Source data:
════

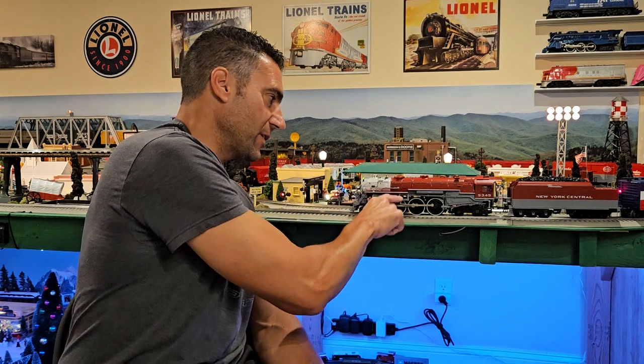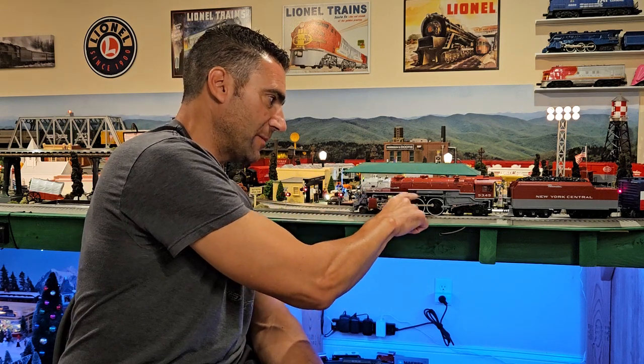If anybody's seen the unboxing video and followed me on Instagram or YouTube, I've had some problems with two of these locomotives. The first one showed up and I went to get it running on the track, started to power it up, and it moved forward maybe a quarter of an inch and then stopped. What was wrong was one of the side rods on the other side was all bent up and jammed up all the gears and side rods.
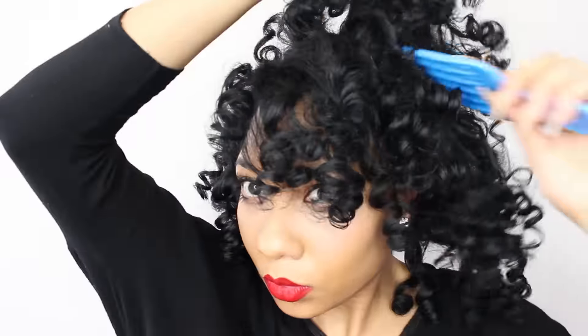I then use my blow dryer to stretch my hair. I do this by simply pulling on sections of my hair and blowing on the roots. Make sure that the heat is not too high and that you don't pull too hard. I like big hair so I use my pick to fluff it out and give it more volume.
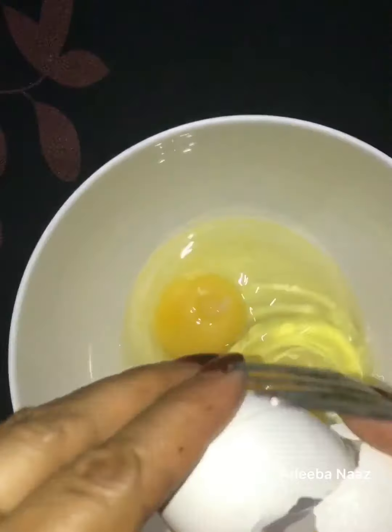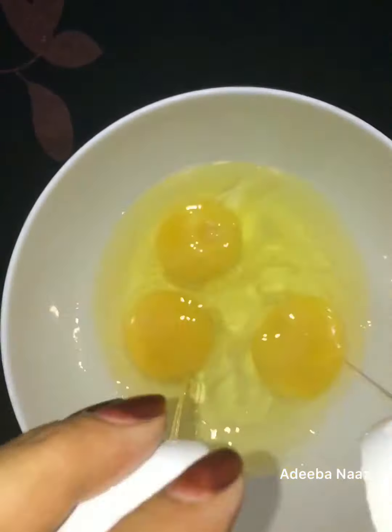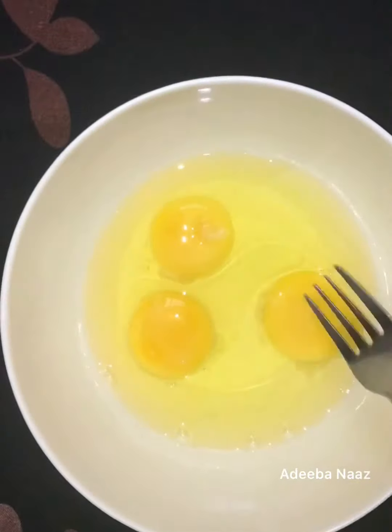So I have 3 eggs here. I will beat them all very well. Now I will add butter.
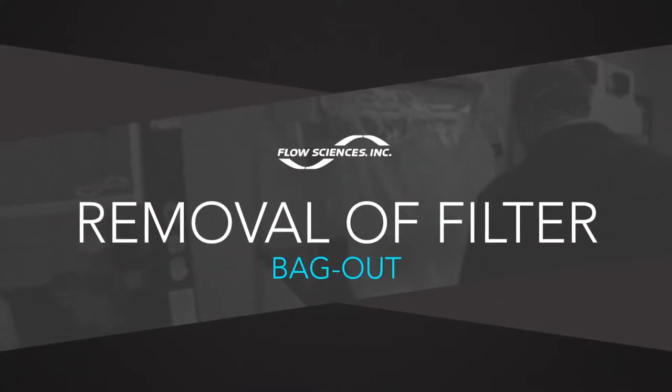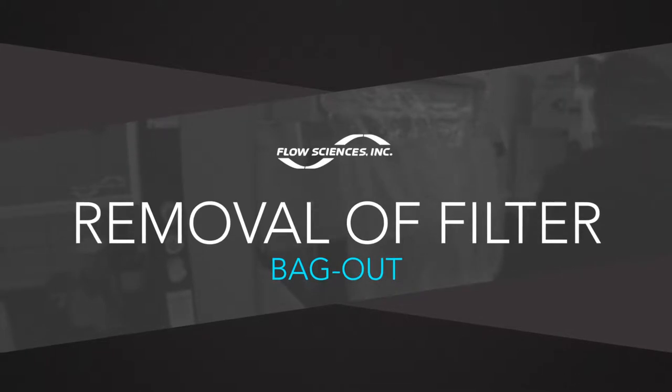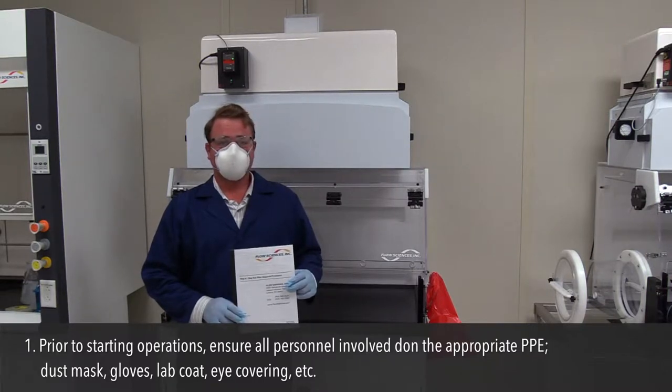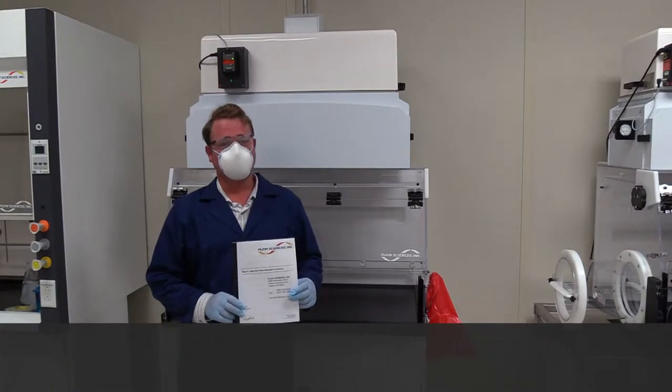Removal of filter — Bag Out. Step 1: Prior to starting operations, ensure all personnel involved are wearing the appropriate PPE: dust mask, gloves, lab coats, eye covering, etc.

════

What the task requires: Would you write out exactly the lines of the data from the one holding "I then use my" to the final line, both included, with pictures left out?

Solution:
I then use my blow dryer to stretch my hair. I do this by simply pulling on sections of my hair and blowing on the roots. Make sure that the heat is not too high and that you don't pull too hard. I like big hair so I use my pick to fluff it out and give it more volume.
So I have 3 eggs here. I will beat them all very well. Now I will add butter.
Removal of filter — Bag Out. Step 1: Prior to starting operations, ensure all personnel involved are wearing the appropriate PPE: dust mask, gloves, lab coats, eye covering, etc.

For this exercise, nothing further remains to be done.